Lev Vygotsky(1896 — 1934)

Lev Vygotsky

Union soviétique, Empire russe

6 min read

SciencesSocietyPsychologuePédagogue20th CenturyFirst half of the 20th century, revolutionary Russia and the Soviet Union of the 1920s-1930s

Soviet psychologist of Belarusian origin, founder of the cultural-historical approach to the development of the mind. He showed that higher mental functions are built through social interactions and language. He died prematurely of tuberculosis at the age of 37.

Frequently asked questions

Lev Vygotsky (1896‑1934) was a Soviet psychologist who revolutionized our understanding of how the human mind develops. The key point to remember is that he founded the cultural‑historical approach, according to which our higher mental abilities – language, memory, reasoning – are built first through social interactions before becoming internal. Against the idea that intelligence is purely innate, he showed that culture and education play a central role. Despite dying young at 37, his work profoundly influenced modern teaching.

Famous Quotes

« What a child can do today in collaboration, they will be able to do alone tomorrow.»

Key Facts

  • Born in 1896 in Orsha (Russian Empire, present-day Belarus)
  • Publishes 'Thought and Language', his major work, in 1934
  • Develops the concept of the zone of proximal development (ZPD)
  • Founds the cultural-historical approach to developmental psychology
  • Dies of tuberculosis in 1934 in Moscow, at only 37 years old

Works & Achievements

The Psychology of Art (1925)

His doctoral thesis, which analyzes how a work of art transforms human emotions. It already foreshadows his social vision of the mind.

The Historical Meaning of the Crisis in Psychology (1927)

A major methodological essay in which Vygotsky argues for a unified, scientific psychology that moves beyond the rival schools of his time.

The History of the Development of Higher Psychological Functions (1931)

A central work setting out his “genetic law”: the higher functions of the mind arise first in social relationships before becoming internal.

Thought and Language (1934)

His most famous book, which explores the links between thought and word and introduces the notion of the zone of proximal development.

Theory of the Zone of Proximal Development (1933)

A founding concept for modern teaching: good instruction should aim at what a child can do with help, in order to draw them toward independence.

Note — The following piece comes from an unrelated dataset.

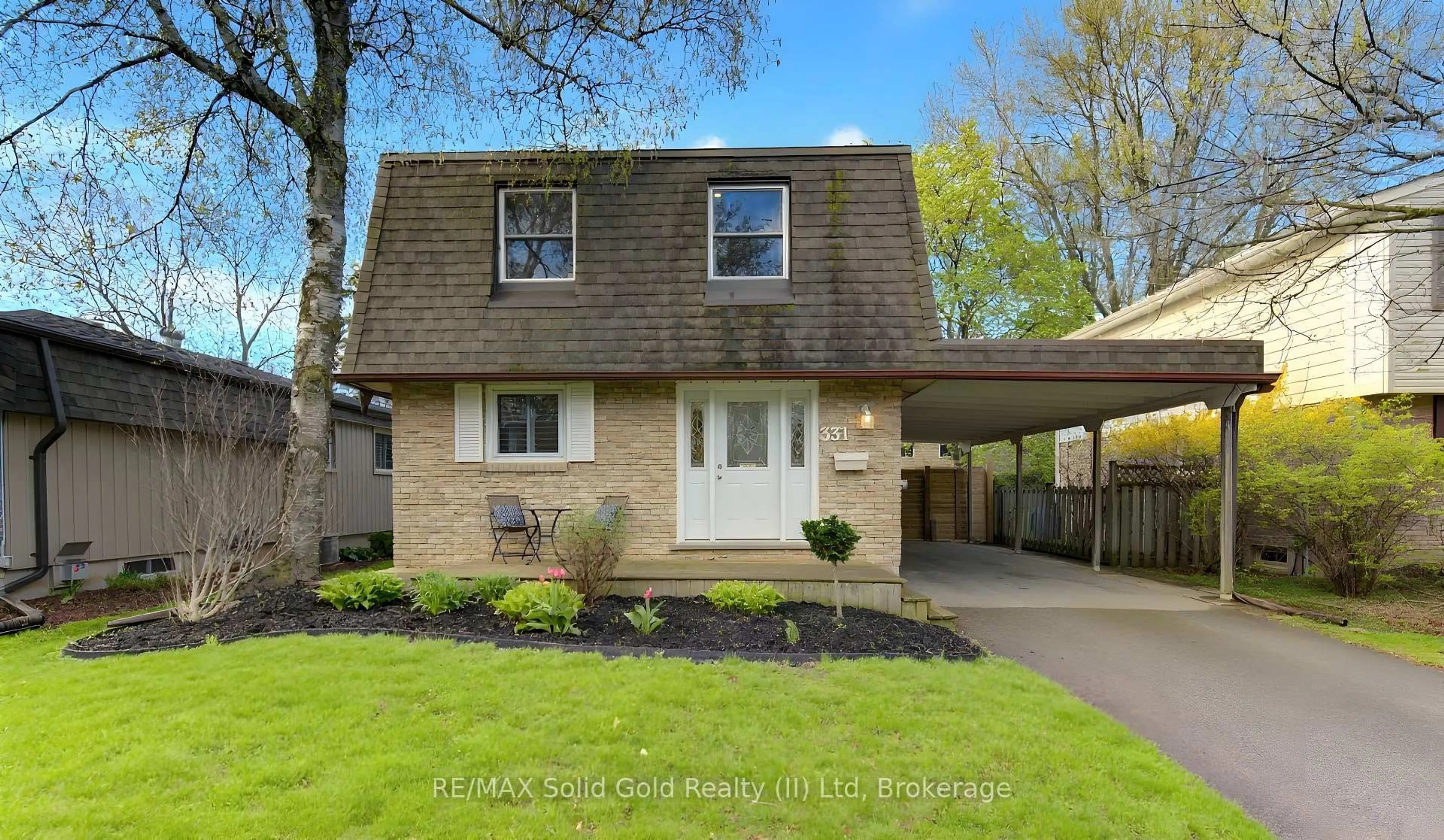 Home with brick exterior material, street for 331 Dansbury Dr, Waterloo Ontario N2K 2M1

Studies on Defectology (1924-1934)

Pioneering work on the education of children with disabilities, based on their abilities rather than their deficiencies.

Anecdotes

Vygotsky received no university training as a psychologist: he studied law and literature in Moscow. It was a lecture he gave in 1924 in Petrograd on the psychology of consciousness that dazzled his peers and opened the doors of the Institute of Psychology in Moscow to him.

His early thesis was on Shakespeare's Hamlet. Throughout his life, Vygotsky was passionate about art and theater, convinced that emotions and imagination were as important as logic in the development of the mind.

To describe the gap between what a child can do alone and what they can achieve with the help of an adult, Vygotsky coined the concept of the “zone of proximal development,” one of the ideas most widely used today by teachers around the world.

Suffering from tuberculosis, Vygotsky knew he had little time left: he worked himself to exhaustion, sometimes dictating his texts from his hospital bed. He died at 37, leaving behind an unfinished but immense body of work.

After his death, his writings were banned in the USSR for some twenty years, deemed contrary to the official line. It was only in the 1960s, once translated into English, that he became world-famous.

Primary Sources

Thought and Language (Мышление и речь) (1934)
“Language does not serve as the expression of a ready-made thought. In becoming language, thought reorganizes and transforms itself. Thought is not merely expressed in words; it comes into existence through them.”
The History of the Development of the Higher Psychological Functions (1931)
“Every higher psychological function appears twice in the course of the child's development: first as a collective, social activity, then as an individual activity, as an inner property of the child's thought.”
The Psychology of Art (Психология искусства) (1925)
“Art is the social within us. The work of art transforms our personal and private feelings into shared emotions, common to all people.”
Thought and Language — the zone of proximal development (1934)
“What a child can do today in collaboration, he will be able to do alone tomorrow. The only good kind of education is that which marches ahead of development and leads it forward.”

Key Places

Orsha (Belarus)

Vygotsky's birthplace, located in present-day Belarus, then part of the Russian Empire.

Gomel

The city where Vygotsky grew up and cut his teeth as a teacher after finishing his studies, leading classes in psychology and literature.

University of Moscow

Vygotsky studied law here while also pursuing philosophy and history at a parallel free university.

Moscow Institute of Psychology

The research center where Vygotsky developed his cultural-historical approach and trained many students, such as Luria and Leontiev.

Petrograd (Saint Petersburg)

It was at a conference in this city in 1924 that Vygotsky drew attention with a brilliant lecture that launched his career.

Moscow

The city where Vygotsky carried out most of his research and where he died of tuberculosis in 1934.